The problem may not be unbridled self-interest. Some federal employees said they work just for the paycheck because they don’t have the resources to do much else. Although the government’s information technology has improved in recent years, two in five of its workers said their agencies don’t provide enough training to let them do their jobs well, and nearly three in five said their agencies do not have enough employees.

Technology is useless without enough well-trained employees. The IRS can’t get all of the answers right in part because its workforce needs constant training in a complex tax code. Social Security employees can’t answer phones because the agency is shorthanded. Like the U.S. government as a whole, half its workforce will retire in the coming decade.

Federal employees also need jobs that matter. They can hardly come to work raring to help the public when they aren’t given a chance to do what they do best, are stuck in dead-end jobs and believe that poor performance goes unpunished. They’re also discouraged when they believe top executives are incompetent, think their performance does not affect pay or promotions, and are buried under layers of needless bureaucracy.

Yet that is how many federal employees see their work. More than half say their organizations do not do a good job of disciplining poor performers, and almost as many say that there are too many layers of management in their agencies.

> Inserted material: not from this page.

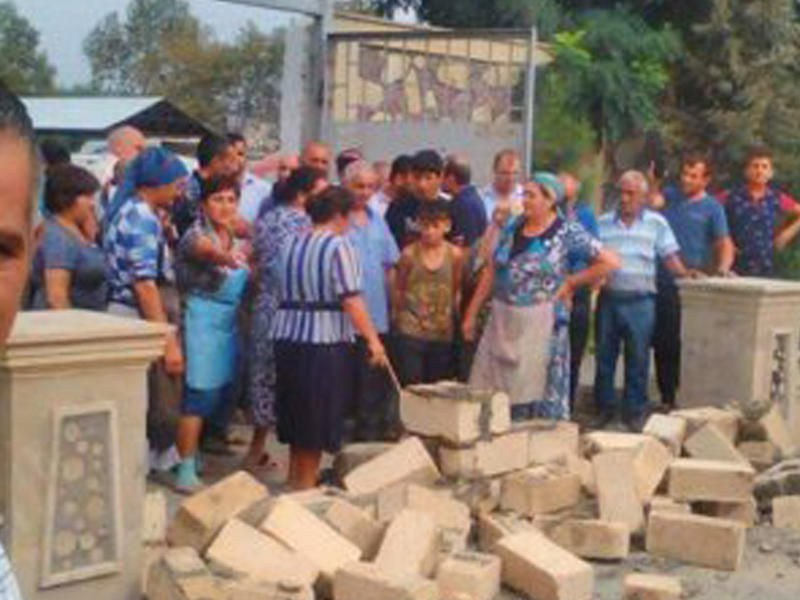 Göyçay İcra Hakimiyyəti mərkəzi bazarı bağladı, ara qarışdı - FOTO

The effect of layering is clear. As FBI whistleblower Coleen Rowley told a Senate committee, “Like the (plant in the) Little Shop of Horrors movie, the bureaucracy just keeps saying, ‘Feed me, feed me.’ ” The problem in preventing terrorist attacks is not a lack of information, for example. Rather, it is getting past the childhood game of telephone that the bureaucracy plays as intelligence rises through layer upon layer of interpreters.

The way to rebuild trust in the government is to ensure that federal employees come to work for the right reason and are given the tools, training and support to do their jobs well. They can do more with less for only so long. As the Coast Guard’s former commander, James Loy, said, the logical extension of doing more with less is doing everything with nothing.